You might think of a triangle as the intersection of three half-spaces. To find the number of points inside the triangle A, B, C, we first consider the set of points on one side of an infinite line in the direction AB. Let these sets L (AB) and R (AB) for points on the left and on the right. In the same way, you and the other two edges build the sets L (AC) and R (AC) and the sets L (BC) and R (BC).
Thus, the number of points in ABC will be the number of intersection points of L (AB), L (AC) and L (BC). (Instead, you can consider R (AB) depending on the orientation of the triangle).
Now, if we want to consider a complete set of 500 points. First, take all pairs of points AB and construct the sets L (AB) and R (AB). This will lead to O (n ^ 3) operations.
Then we check all the triangles and find the intersections of the three sets. If we use a hash table structure for sets, then finding intersection points is like a hash table.

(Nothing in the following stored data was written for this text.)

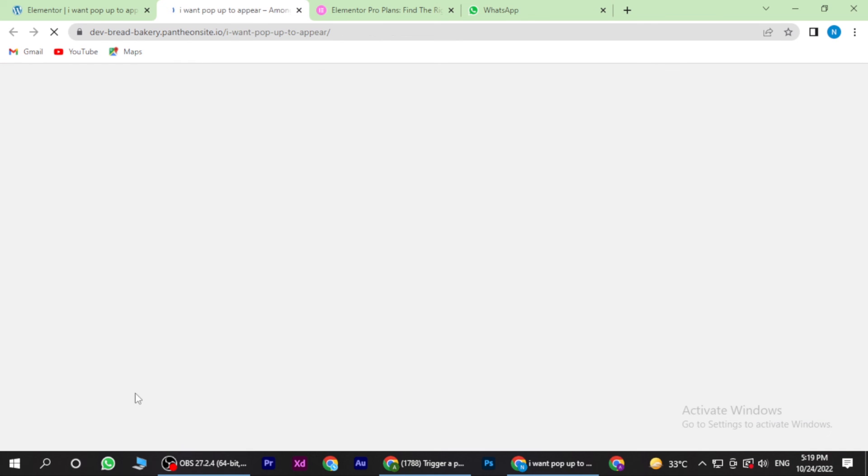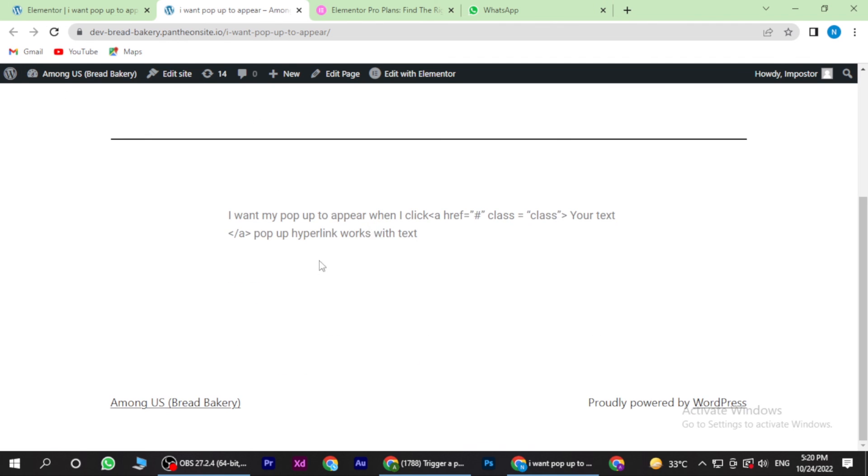And now you have to click on have a look. So yeah, this is how you can trigger an Elementor pop-up on link.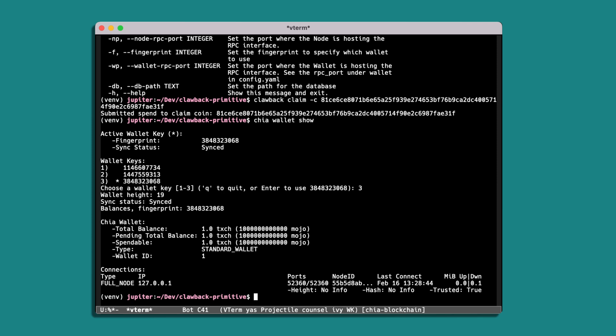So we can see that the one XCH has been pulled into our wallet. So that's pretty much how clawbacks work. As I said, this demo was just for XCH and we'll look at doing further demos for cats and NFTs as well. Thanks.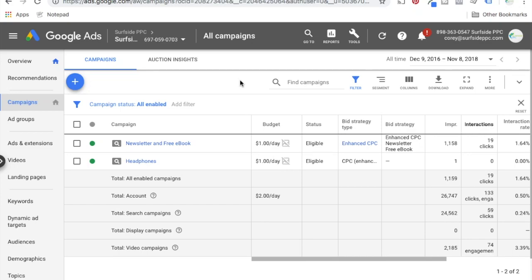What's up everyone? Welcome to the Surfside PPC YouTube channel. Today I'm going to be going over the Google Display Planner, how it's changed, how you can still kind of use it, and where it is now.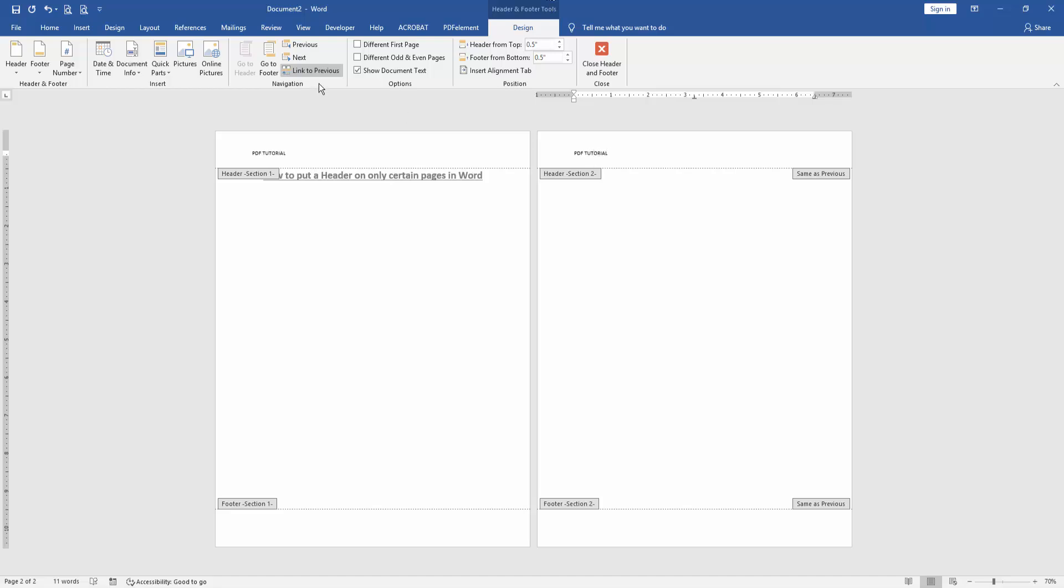Then click Link to Previous and go back to the first page header option and close the header text.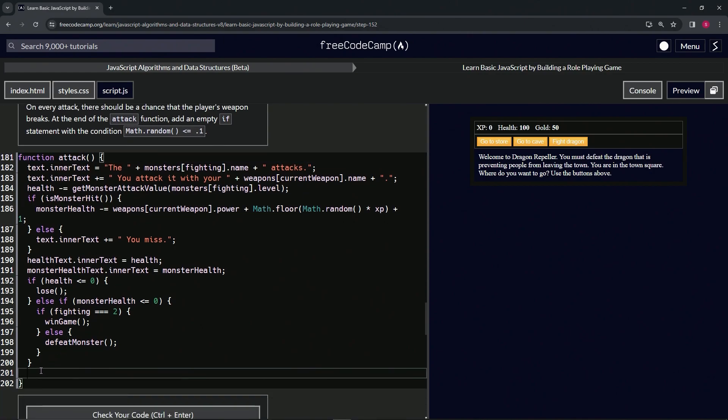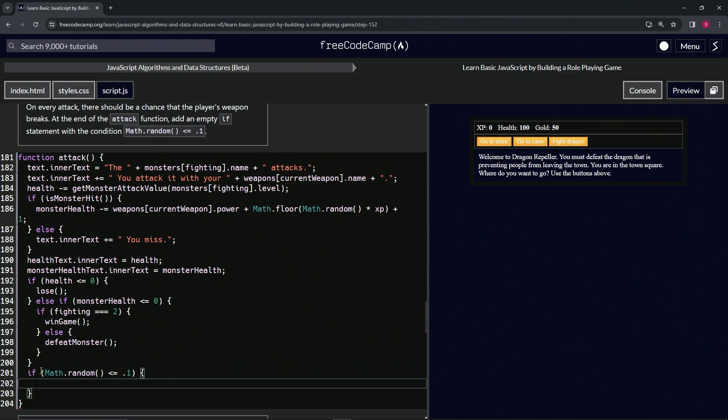Right here on line 201, we're just going to make an if statement. We'll say if, and inside the parentheses we'll say math.random is less than or equal to 0.1. We're going to do something - we're going to break the weapon.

If L (AB) has l elements, L (AC) has m elements and L (BC) n elements. Say l> m> n. For each point in L (BC), we need to search in L (AC) and L (BC) so that there is a maximum of 2n searches in the hash table.
You might find it easier to look at the geometric search table. Divide your entire domain into a coarse grid, say, a 10 by 10 grid. Then we can put each point in the set G (i, j). Then we can split the sets L (AB) into each grid cell. Let's say we call these sets L (AB, i, j) and R (AB, i, j). When testing for intersections, the first training session, the grid cells of which lie at the intersection. This greatly reduces the search space, and since each set L (AB, i, j) contains fewer members, there will be fewer hash table queries.